# [Work to be completed]
Your answer must be the exact lines from the one with "Augenoptik Hörgeräte Slickers" to the end of the data, both included, with no pictures.

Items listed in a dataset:

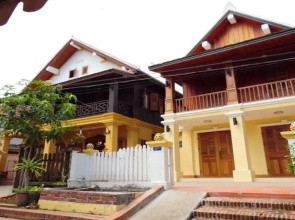 Hoxieng Guesthouse 1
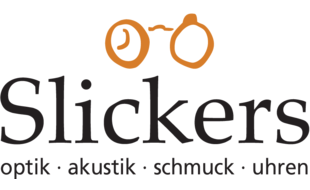 Augenoptik Hörgeräte Slickers oHG in Geldern - Logo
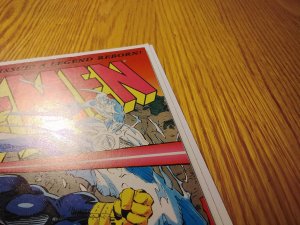 X-Men #1 Cover C (1991)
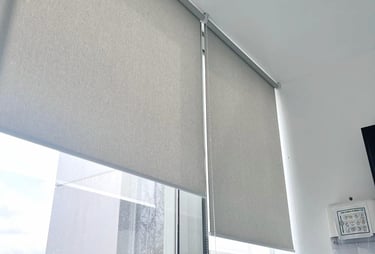 ROLETE TEXTILE SEV HOME
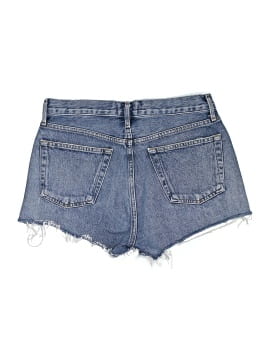 AGOLDE Denim Shorts (view 2)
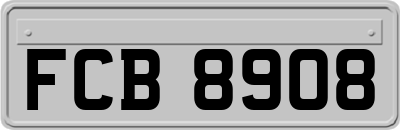FCB8908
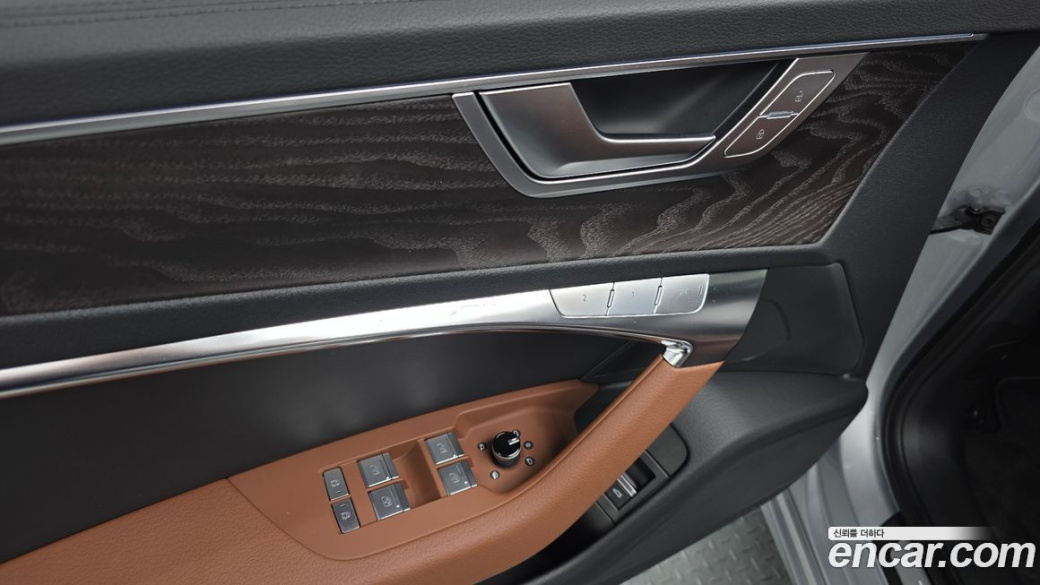 Audi A6 45 TFSI Quattro Premium, 2023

# [Completed task]
 Augenoptik Hörgeräte Slickers oHG in Geldern - Logo
 X-Men #1 Cover C (1991)
 ROLETE TEXTILE SEV HOME
 AGOLDE Denim Shorts (view 2)
FCB8908
 Audi A6 45 TFSI Quattro Premium, 2023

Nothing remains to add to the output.